Our national Army are of credit to our country. Their support for our own civil police force has been exemplary and their record in international peace keeping situations overseas has made us all proud of our great Army. There is now a large volume of educated, intelligent young people unemployed throughout our country. There was an opportunity here in this plan to create some pride in our country through an extension of our Army numbers and the discipline and the training that would be available even on a short-term basis to some of our young people should have been utilised through an extension of the regular Army, or, indeed, the FCA.
The Government have failed to recognise this situation but are prepared to allow our Army to take part in an anti-national controversial British Legion Remembrance Day ceremony. This, despite the fact that the Taoiseach after last year's debacle on the same situation, gave a commitment that the Army would not participate this year and that a National Commemoration Day for all Irish soldiers who lost their lives, irrespective of the cause, would be set up. I hope the Taoiseach will clarify this situation immediately and allay the fears of the majority of Irish people and save our Army from any further embarrassment.
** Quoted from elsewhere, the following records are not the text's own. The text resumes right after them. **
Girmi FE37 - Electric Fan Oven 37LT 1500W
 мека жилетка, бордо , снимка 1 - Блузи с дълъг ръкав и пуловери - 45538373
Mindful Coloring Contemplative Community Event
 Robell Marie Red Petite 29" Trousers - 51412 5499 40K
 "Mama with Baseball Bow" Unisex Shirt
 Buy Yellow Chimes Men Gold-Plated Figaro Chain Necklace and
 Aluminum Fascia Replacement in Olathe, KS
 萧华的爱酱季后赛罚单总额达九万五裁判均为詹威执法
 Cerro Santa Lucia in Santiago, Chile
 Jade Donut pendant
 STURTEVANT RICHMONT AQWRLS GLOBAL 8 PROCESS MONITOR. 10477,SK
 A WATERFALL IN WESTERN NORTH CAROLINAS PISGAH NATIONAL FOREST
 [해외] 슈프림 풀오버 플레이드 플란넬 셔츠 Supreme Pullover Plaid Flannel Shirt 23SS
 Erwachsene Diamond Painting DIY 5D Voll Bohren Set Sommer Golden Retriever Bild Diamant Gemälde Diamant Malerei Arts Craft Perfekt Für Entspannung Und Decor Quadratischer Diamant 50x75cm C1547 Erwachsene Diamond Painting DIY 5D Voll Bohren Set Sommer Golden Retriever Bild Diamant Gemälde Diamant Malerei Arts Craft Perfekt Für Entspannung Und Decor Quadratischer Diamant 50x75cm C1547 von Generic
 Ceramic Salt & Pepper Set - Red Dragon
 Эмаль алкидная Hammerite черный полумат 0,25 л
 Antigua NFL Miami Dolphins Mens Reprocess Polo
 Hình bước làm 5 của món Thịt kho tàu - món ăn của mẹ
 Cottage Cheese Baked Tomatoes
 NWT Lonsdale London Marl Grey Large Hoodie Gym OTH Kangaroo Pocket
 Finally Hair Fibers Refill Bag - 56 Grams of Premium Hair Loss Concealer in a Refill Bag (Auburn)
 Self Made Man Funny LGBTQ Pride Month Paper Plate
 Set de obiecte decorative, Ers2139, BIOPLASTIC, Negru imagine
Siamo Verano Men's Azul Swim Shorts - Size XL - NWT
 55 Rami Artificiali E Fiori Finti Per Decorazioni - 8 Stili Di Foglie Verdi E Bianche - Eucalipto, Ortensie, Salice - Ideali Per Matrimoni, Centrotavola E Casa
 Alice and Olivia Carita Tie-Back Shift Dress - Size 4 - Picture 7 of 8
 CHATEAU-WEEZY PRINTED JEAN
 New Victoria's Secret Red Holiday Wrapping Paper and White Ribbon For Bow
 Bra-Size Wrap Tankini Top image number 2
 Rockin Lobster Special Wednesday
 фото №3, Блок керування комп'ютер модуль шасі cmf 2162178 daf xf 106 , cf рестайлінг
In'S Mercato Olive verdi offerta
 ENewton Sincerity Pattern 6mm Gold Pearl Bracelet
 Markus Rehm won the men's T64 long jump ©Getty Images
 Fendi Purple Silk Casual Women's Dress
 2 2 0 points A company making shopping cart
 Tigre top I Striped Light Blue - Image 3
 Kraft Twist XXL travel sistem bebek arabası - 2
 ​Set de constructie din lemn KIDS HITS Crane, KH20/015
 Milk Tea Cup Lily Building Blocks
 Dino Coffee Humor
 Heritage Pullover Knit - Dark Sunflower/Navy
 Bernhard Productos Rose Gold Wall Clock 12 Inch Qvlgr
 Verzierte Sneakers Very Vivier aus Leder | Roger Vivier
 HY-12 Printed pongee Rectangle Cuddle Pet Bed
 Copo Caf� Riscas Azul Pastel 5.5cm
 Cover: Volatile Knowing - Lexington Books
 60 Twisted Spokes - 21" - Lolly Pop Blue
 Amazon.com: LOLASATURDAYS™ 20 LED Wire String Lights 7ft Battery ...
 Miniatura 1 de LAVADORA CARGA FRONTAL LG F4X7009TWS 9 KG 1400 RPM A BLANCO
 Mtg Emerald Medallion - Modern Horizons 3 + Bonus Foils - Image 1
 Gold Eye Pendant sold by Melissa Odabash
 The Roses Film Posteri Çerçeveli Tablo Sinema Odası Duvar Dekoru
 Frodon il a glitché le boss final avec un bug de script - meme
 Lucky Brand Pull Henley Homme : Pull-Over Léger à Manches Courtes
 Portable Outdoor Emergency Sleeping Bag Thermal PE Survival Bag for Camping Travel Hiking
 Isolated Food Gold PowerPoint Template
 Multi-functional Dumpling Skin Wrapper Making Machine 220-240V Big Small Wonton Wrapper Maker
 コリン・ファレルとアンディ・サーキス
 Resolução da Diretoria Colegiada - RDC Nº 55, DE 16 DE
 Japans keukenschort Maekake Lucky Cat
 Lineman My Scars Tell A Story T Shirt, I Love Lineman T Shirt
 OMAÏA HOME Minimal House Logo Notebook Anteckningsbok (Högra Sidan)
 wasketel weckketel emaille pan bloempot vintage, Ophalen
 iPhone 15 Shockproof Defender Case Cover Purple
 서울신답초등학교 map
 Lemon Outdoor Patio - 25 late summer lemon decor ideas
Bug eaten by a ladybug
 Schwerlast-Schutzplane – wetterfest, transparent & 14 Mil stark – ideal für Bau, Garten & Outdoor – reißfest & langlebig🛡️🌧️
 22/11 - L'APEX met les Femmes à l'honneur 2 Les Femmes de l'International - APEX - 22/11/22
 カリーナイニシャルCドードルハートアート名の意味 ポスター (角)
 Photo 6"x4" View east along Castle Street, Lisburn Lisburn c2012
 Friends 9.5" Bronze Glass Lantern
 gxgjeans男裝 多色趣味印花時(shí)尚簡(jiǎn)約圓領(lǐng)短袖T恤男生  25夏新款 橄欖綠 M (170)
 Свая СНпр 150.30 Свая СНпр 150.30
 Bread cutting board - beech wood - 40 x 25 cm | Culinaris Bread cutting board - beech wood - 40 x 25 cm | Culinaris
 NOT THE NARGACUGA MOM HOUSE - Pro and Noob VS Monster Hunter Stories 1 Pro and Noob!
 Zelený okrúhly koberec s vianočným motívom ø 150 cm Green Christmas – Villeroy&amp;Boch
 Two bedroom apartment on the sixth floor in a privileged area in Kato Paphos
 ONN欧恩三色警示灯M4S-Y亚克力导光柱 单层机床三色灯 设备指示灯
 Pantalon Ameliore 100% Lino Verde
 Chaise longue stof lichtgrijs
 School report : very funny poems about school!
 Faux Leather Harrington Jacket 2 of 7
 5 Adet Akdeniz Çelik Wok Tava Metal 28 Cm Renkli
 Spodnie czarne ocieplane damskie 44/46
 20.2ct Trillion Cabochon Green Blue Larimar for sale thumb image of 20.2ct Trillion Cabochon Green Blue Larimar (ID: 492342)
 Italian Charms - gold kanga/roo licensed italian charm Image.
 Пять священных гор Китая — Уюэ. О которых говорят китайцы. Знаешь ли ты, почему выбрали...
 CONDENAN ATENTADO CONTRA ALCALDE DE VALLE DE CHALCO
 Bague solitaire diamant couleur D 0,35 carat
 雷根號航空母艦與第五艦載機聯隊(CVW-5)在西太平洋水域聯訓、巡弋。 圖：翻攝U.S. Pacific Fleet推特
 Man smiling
I believe that the main purpose of this plan is to bring two different parties of varying ideologies together again after their mid-summer disintegration. The figures throughout the plan are not quantifiable and cannot stand the test of justifiable economic criteria. Is it any wonder that six economists have left the Department of Finance totally frustrated by the Government's insistence on the inclusion of figures in this document that have not been acceptable to their key advisers? The Government Press Secretary, Mr. Prendergast, has done his utmost to fabricate this statement similar to the fabrication he did in the prison officers situation. He was at pains to name the seventh adviser who moved to the ESRI and, surely, if his other statement was correct he should have named all or none.
It is my view that this plan lacks a straightforward coherent, streamlined, positive economic remedy for the problems facing this country at present and I believe that this Government will founder striving to hold politically together, while there are stark economic realities which they refuse to recognise. This plan could be re-named "Coalition Promotion — starve horse and you'll get grass".